▸ DESCRIPTION OF THE TASK
Find "A Casa Di Ale" below and begin at its line; stop after the line with "Lepturobosca chrysocoma". Output those lines exactly, without pictures.

Crawled caption data:
--- START ---

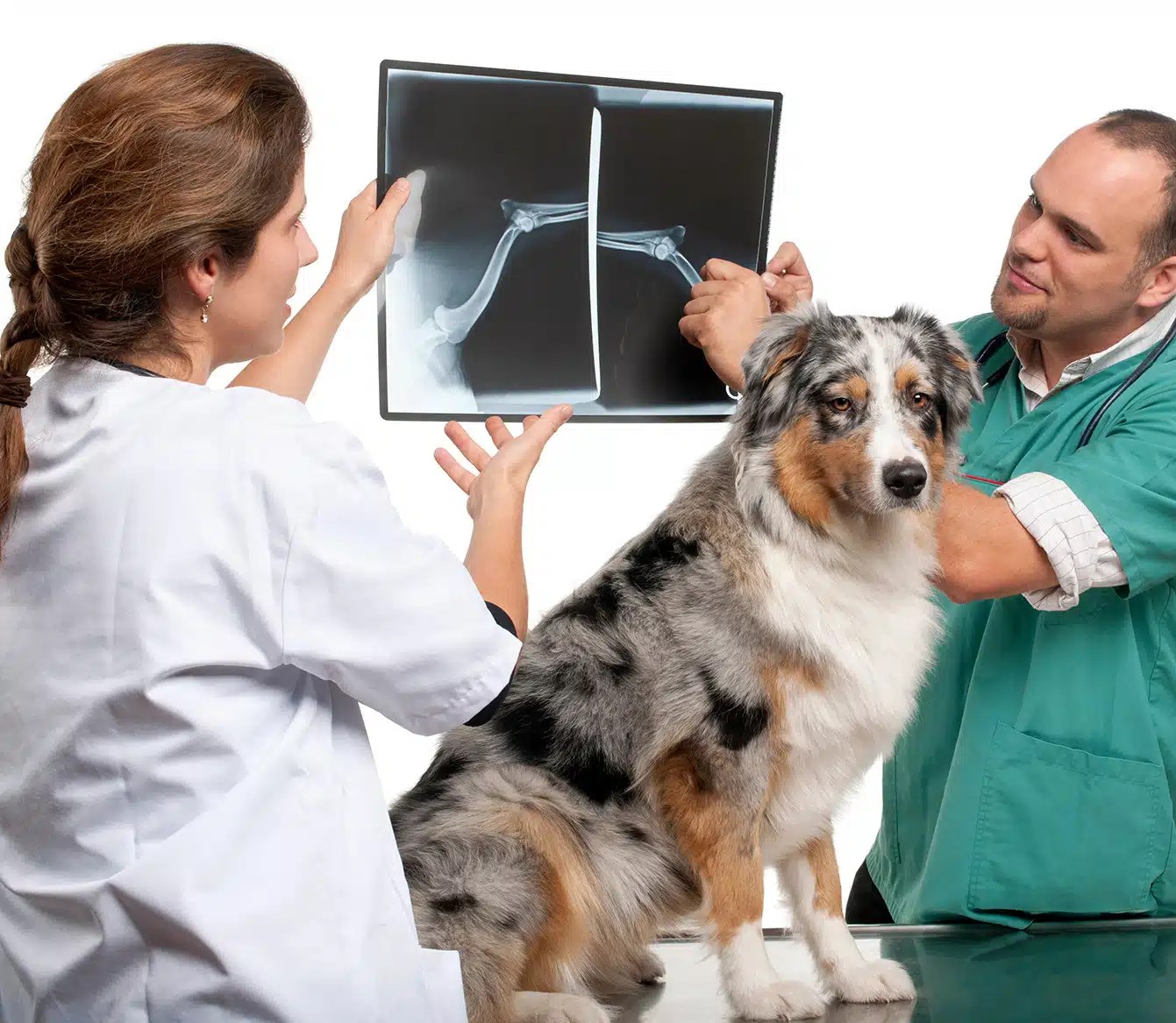 Vet Radiography in El Cerrito California Urgent Pet Care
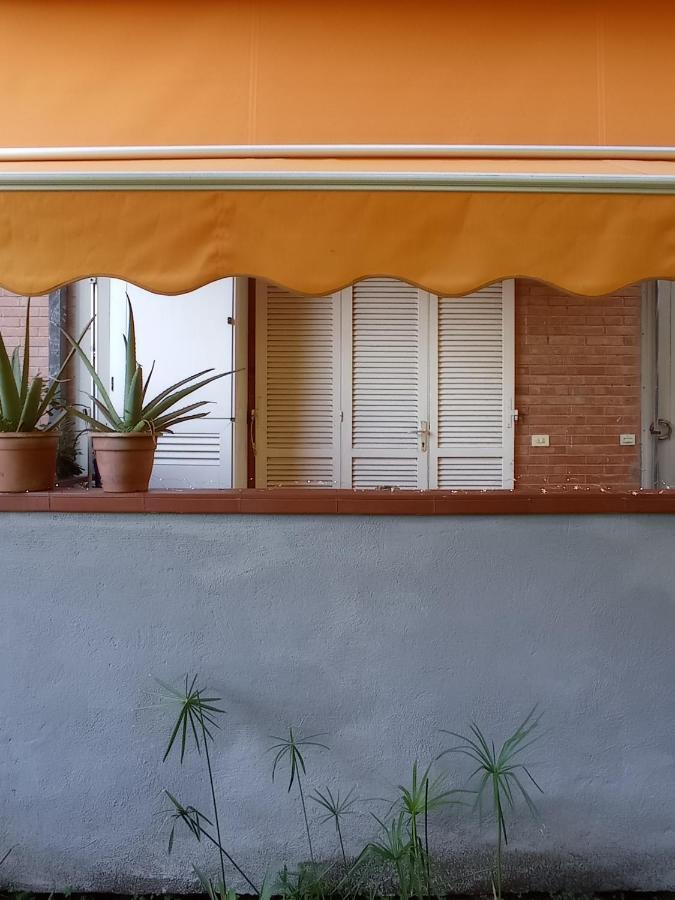 A Casa Di Ale Διαμέρισμα Castiglione della Pescaia Εξωτερικό φωτογραφία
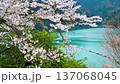 東京 奥多摩湖畔の桜　　風に揺れる桜（フィクス） 137068045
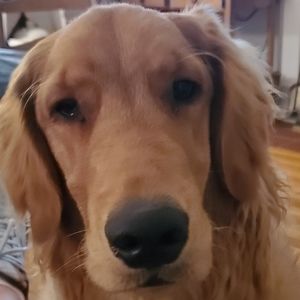 Meet your Posher, Casey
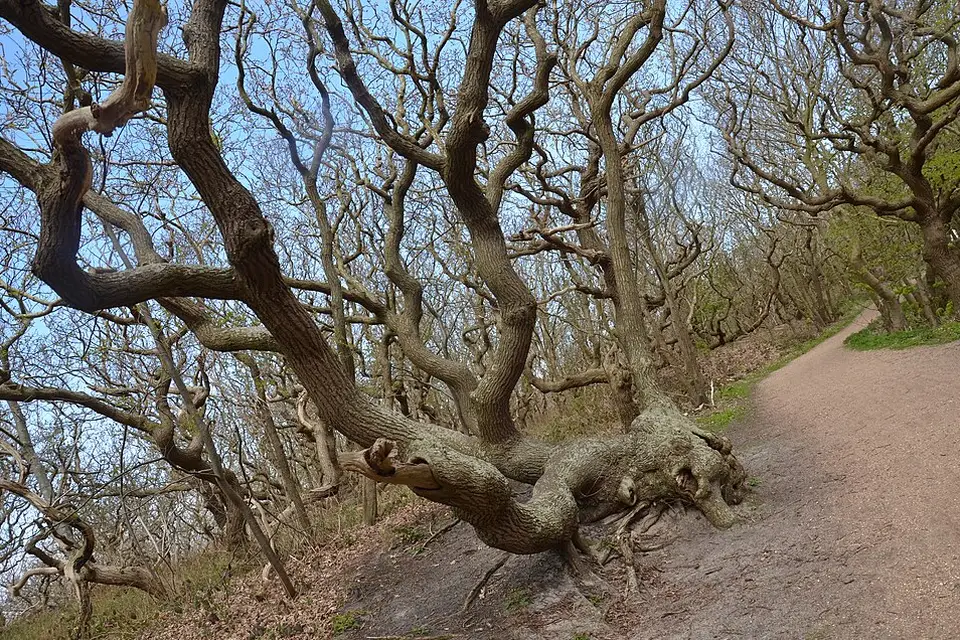 Landschaft und Sehenswürdigkeiten in Zeeland für Busreise Zeeland für Paare – Reisecheck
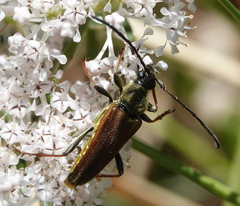 Lepturobosca chrysocoma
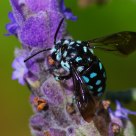波琉璃紋花蜂   Thyreus decorus 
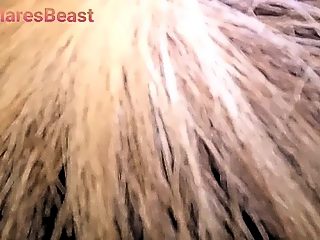 Man sex female horse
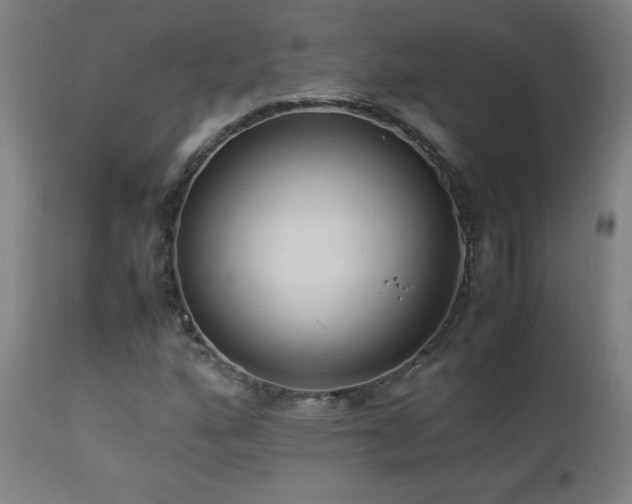 X0000112871160200908211419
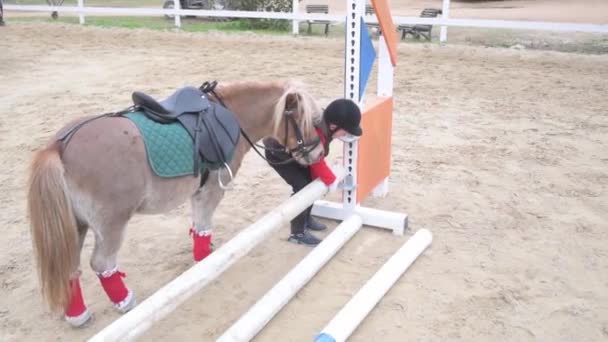 Barn Hjälm Står Nära Sadlad Ponny Och Montera Hinder Hoppträning — Stockvideo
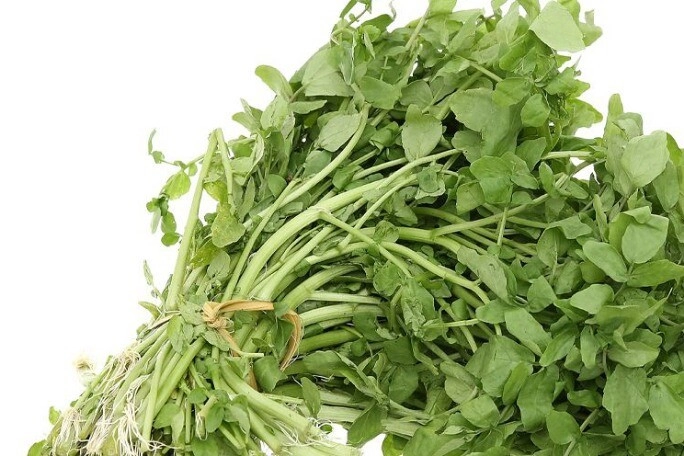 Loại rau tốt nhất thế giới trồng 1 lần ăn mấy chục năm canxi giàu gấp đôi sữa bò giúp trẻ cao lớn - 3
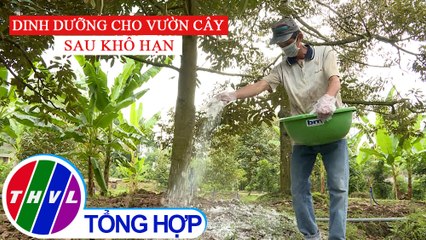 Nông nghiệp bền vững: Dinh dưỡng cho vườn cây sau khô hạn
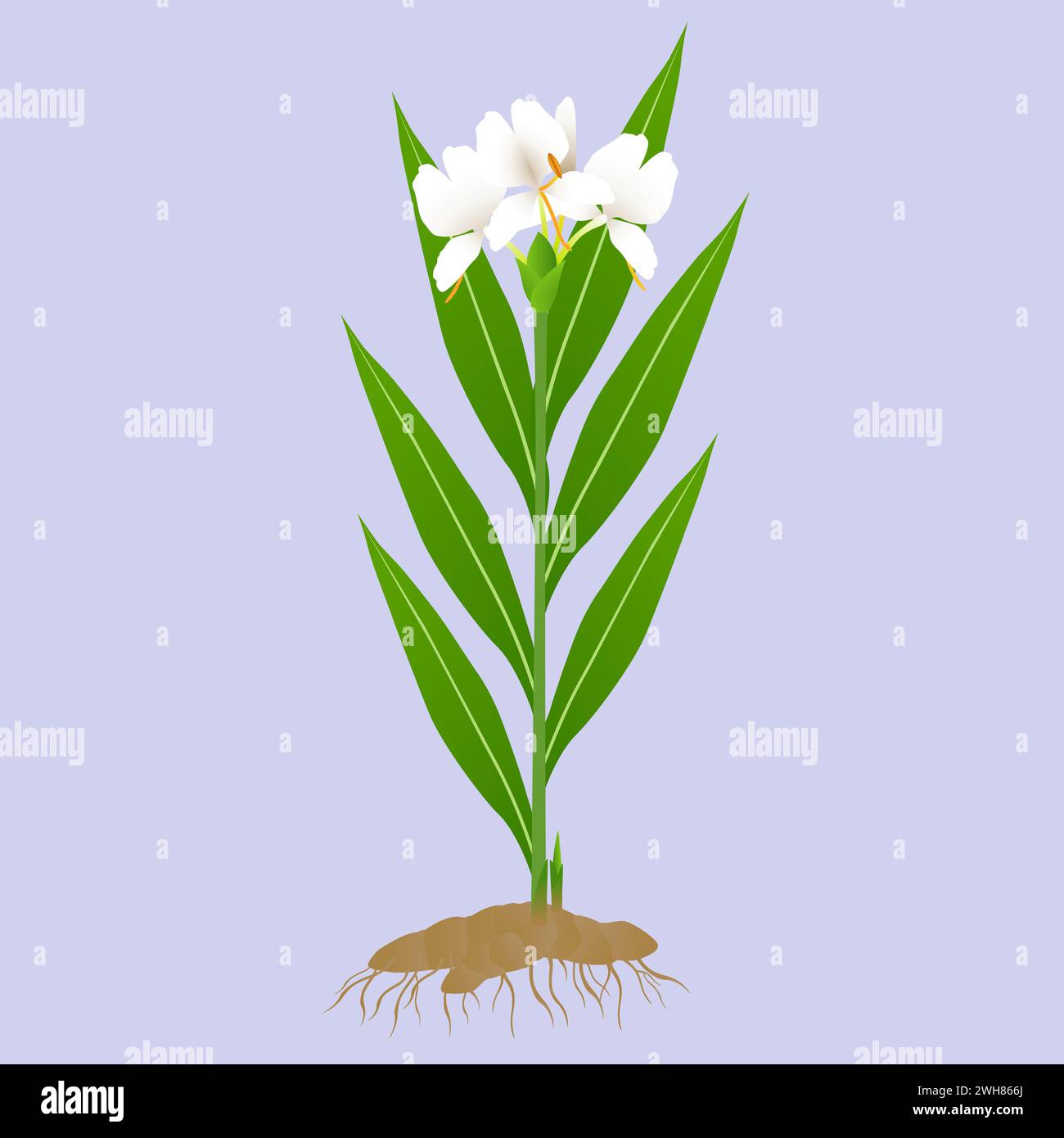 Hedychium coronarium ginger plant with roots on a purple background. Stock Vector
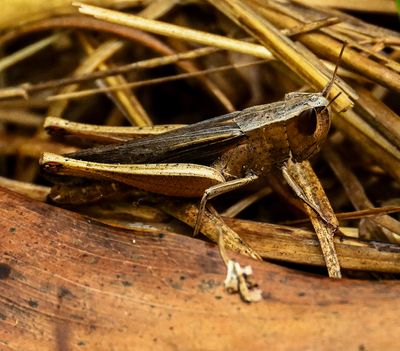 robot grasshopper -Amblytropidia mysteca-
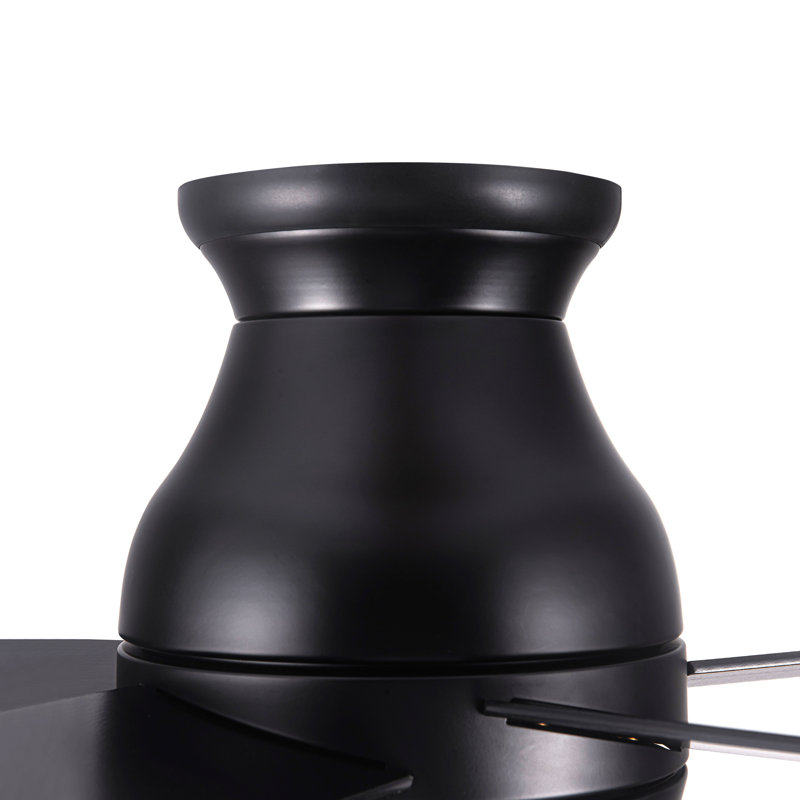 Ventilateur de plafond 52 po avec lumières à profil bas, Noir, Noir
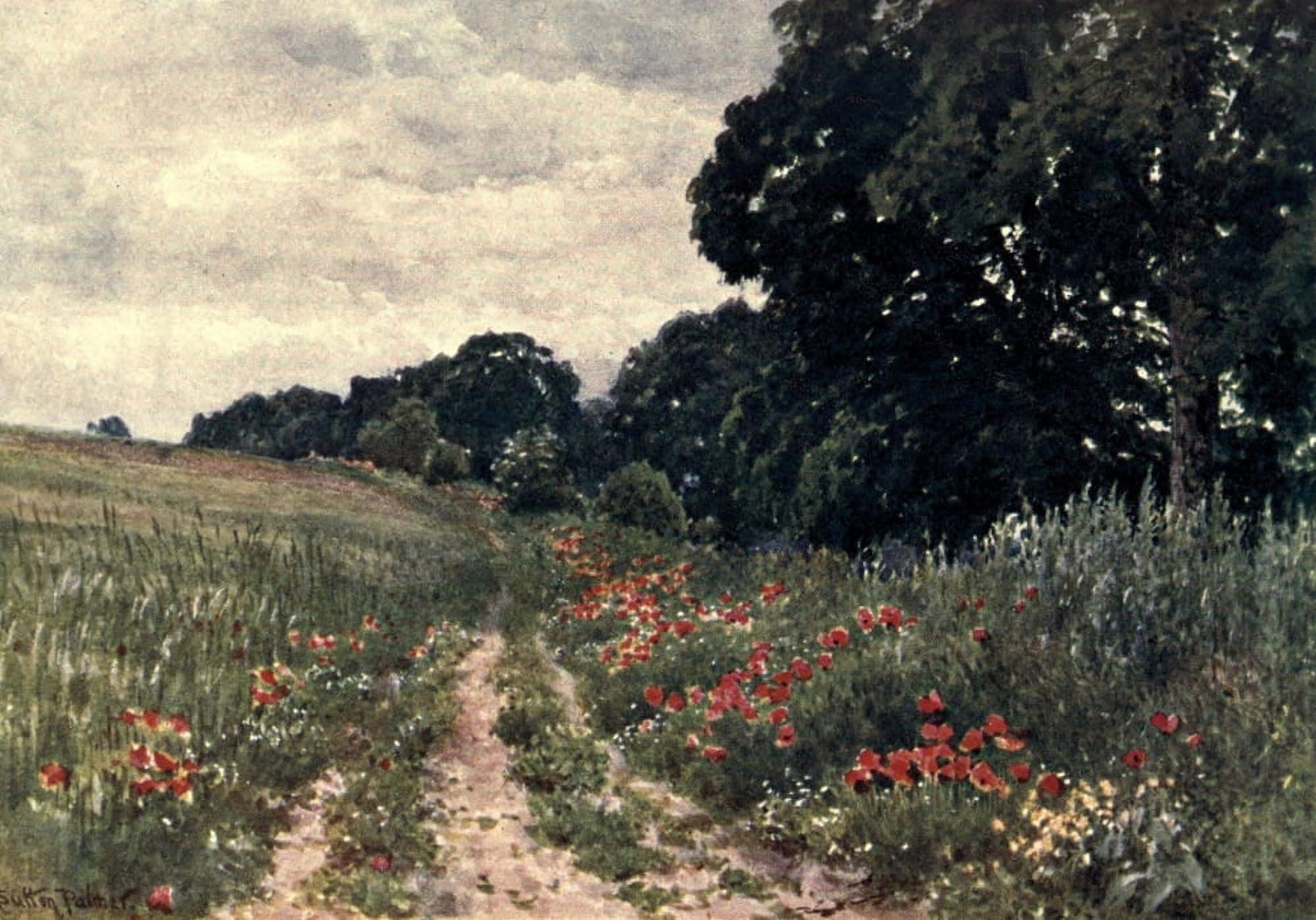 Posterazzi Surrey 1906 Poppies Canvas Art - Harold Sutton Palmer (24 x 36)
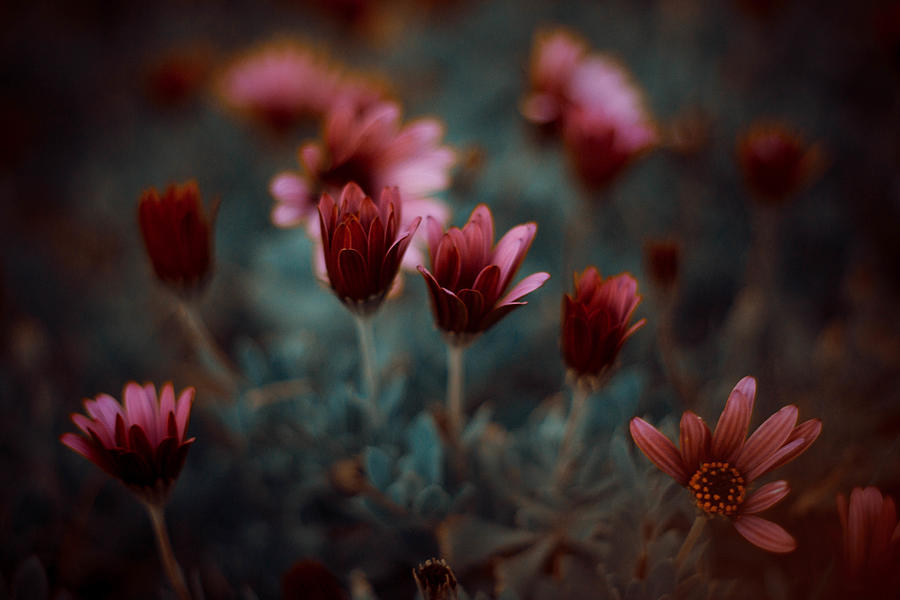 The Flower #1 Photograph by Farid Kazamil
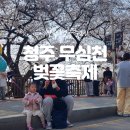 북영천역 앞~서문육거리 | 청주 무심천 벚꽃축제 주차 푸드트럭 개화 후기 총정리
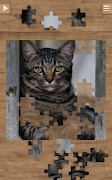 Cat Jigsaw Puzzles screenshot 3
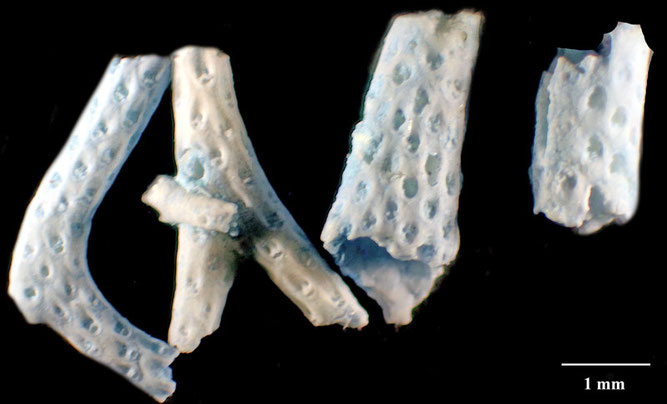 Senckenberg, Bryozoa, Bryozoen, Moostierchen, Sammlung Voigt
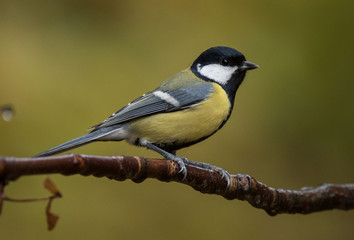 Bogatka zwyczajna, bogatka, sikora bogatka (Parus major) © Slawomir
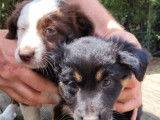 Un chiot femelle Berger Australien LOF tricolore &agrave; vendre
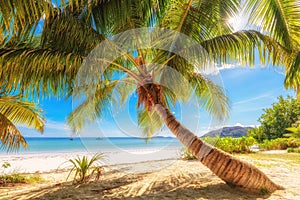 Palms at Anse Volbert beach on Praslin island, Seychelles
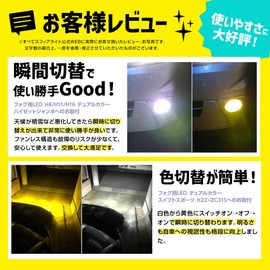 SPHERE LIGHT Sphere LED Fog Light for Road Transport Vehicle Inspection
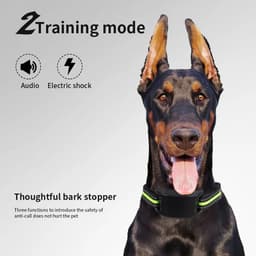 image-USB Rechargeable Dog Training Collars Auto Anti-Bark Collar Safety Static Shock 7 Sensitivity Level Nylon Collar Pet Supplies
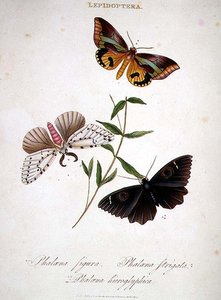 Vlinders: Phalaena Figura; Phalaena Strigata en Phalaena Hieroglyphica, uitgegeven door de kunstenaar door Edward Donovan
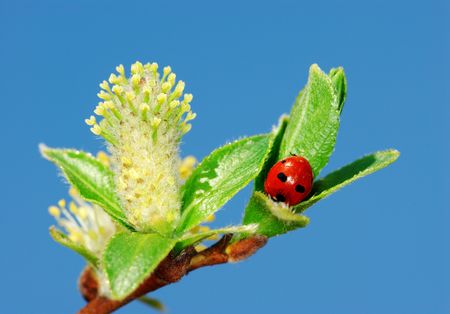 Ladybird for the blossoming twigs of a clear spring dayの写真素材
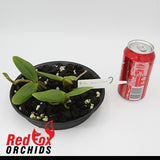 Bulbophyllum scaberulum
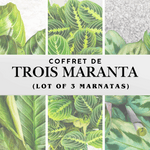 Coffret de Trois Maranta - Lot de Plantes Intérieures Rares & Faciles d'Entretien monjungle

--- END ---

▸ ANSWER TO THE PROBLEM
 A Casa Di Ale Διαμέρισμα Castiglione della Pescaia Εξωτερικό φωτογραφία
 東京 奥多摩湖畔の桜　　風に揺れる桜（フィクス） 137068045
 Meet your Posher, Casey
 Landschaft und Sehenswürdigkeiten in Zeeland für Busreise Zeeland für Paare – Reisecheck
 Lepturobosca chrysocoma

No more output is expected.